I find surprisingly little sewing information in Butterick’s Delineator magazines from the 1920s, considering that, like McCall’s magazine, it originally existed to sell patterns. That makes this brief article from December 1926 all the more interesting.
The Plus and Minus of Figures and Patterns, 1926
I’ll transcribe the whole thing, complete with its nasty assumption that all blondes are gold-diggers.
“Leila — the little creature without the hat — is a blonde, a Nordic by nature as well as by the color of her hair, but when she couldn’t gold-dig a new frock from her husband she decided to make something dazzling for herself and burst out in one of the new dolman frocks.
“She had her bust and hip measures taken when she bought her pattern, so she knew the size was right. ‘And that’s that,’ she thought, and cut it out gaily. It went together like a shot and she turned up the lower edges several inches, for, as I said, she’s a little creature. All went merrily as a wedding-bell until she tried it on and then, it was just all wrong.
“It was all top and no skirt, the waistline and the dolman armhole came below the hips and the sleeve itself acted very strangely on the lower part of the arm. You see, she’d done all the shortening at the lower edges while the frock was as long for her in the body as it was in the skirt.
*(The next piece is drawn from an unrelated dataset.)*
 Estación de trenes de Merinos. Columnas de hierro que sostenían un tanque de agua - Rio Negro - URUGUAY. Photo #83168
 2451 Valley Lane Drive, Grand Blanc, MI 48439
[Butterick patterns from the 1920’s were for women taller than we’d expect. “Misses patterns,” sold by age instead of bust measurement, often had the words “or small women” in their description, but a short woman with a bust bigger than 37 inches (age 20) would need to do the same pattern alterations as “Leila.” (Age 17 was expected to have a 34 inch bust; age 18, 35″, age 19, 36.” )]
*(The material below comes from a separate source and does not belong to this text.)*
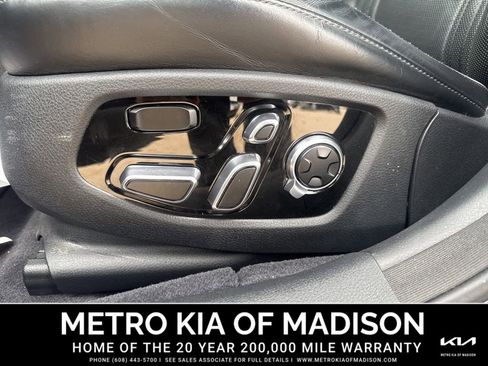 Used 2020 Kia K900 Luxury w/ VIP Package AWD/4WD image 15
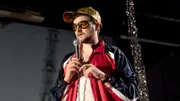 Eigentlich glaubt Stimpel (Phil Laude) mit seinem Rap im Coolness-Ranking Punkte zu machen, indem er sich auf die Schüler:innen und ihre Musik einstellt …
“I’m on the short side myself, so I knew she ought to have shortened her pattern before she cut her material. We pinned half of the pattern together and put it on with a tape measure at her natural waist.
The we put the small perforations that mark the waistline of the pattern at the lower edge of the tape measure and took up the extra length in a plait across the body of the pattern, making it just the right length.
“Very tricky, for it kept the waistline in place and gave the body and skirt an even break.
“We took the extra length out of the sleeve below the elbow instead of at the wrist, so that the dolman drapery wouldn’t come down on the lower arm where it is clumsy and ungainly.
“Trying on the pinned-up paper pattern is the easiest way to find out if the length needs altering — the pattern directions will tell you where to do it.
“The third picture of Leila, registering success, shows the recut frock is precisely the right length with its original proportions intact in spite of shortening.”
Before and After
The skirt, which was originally pinned up several inches, is now at the length called for in the pattern. Good thing Leila didn’t cut it shorter before consulting her friend!
Normally, I don’t write two consecutive posts about the same year and issue of a magazine, but The Delineator for December 1926 has both this discussion of the importance of adjusting the dress to the actual, not ideal, body, and another connection to “Pleated Dresses from 1926.” The friend who is helping Leila adjust her pattern is wearing that great art deco dress, Butterick 1163! I was sorry that I had no back views of it; while working on these pictures I remembered that its description mentioned “a tab yoke in back.” Here it is! On her left shoulder you can just make out the start of the button-trimmed arrow on the front of #1163, and her sleeves have the identical buttoned trim at the wrists.
In the early twenties, dresses often had surprisingly boring one-piece backs; the skirt godets, drapery and pleats were usually limited to the front.
P.S. If I had to come up with a sophisticated 1920s outfit in a hurry, that metallic [tissue lamé? ] blouse #1174 and its timeless flared skirt would look very tempting.
6 responses to “How to Alter a Twenties’ Dress Pattern; Advice from December 1926”
Well, I hate trying on paper patterns, even though I was taught to do it. And now we have and endorsement of this technique from 1926! Maybe I should change my ways. I’m glad to see that the arrow dress is just as marvelous from the back.
I’m not a fan of pinned-together paper, either — but it does mean that the patterns included a seam allowance. Paper can’t have looked much like a soft, silk dress, though.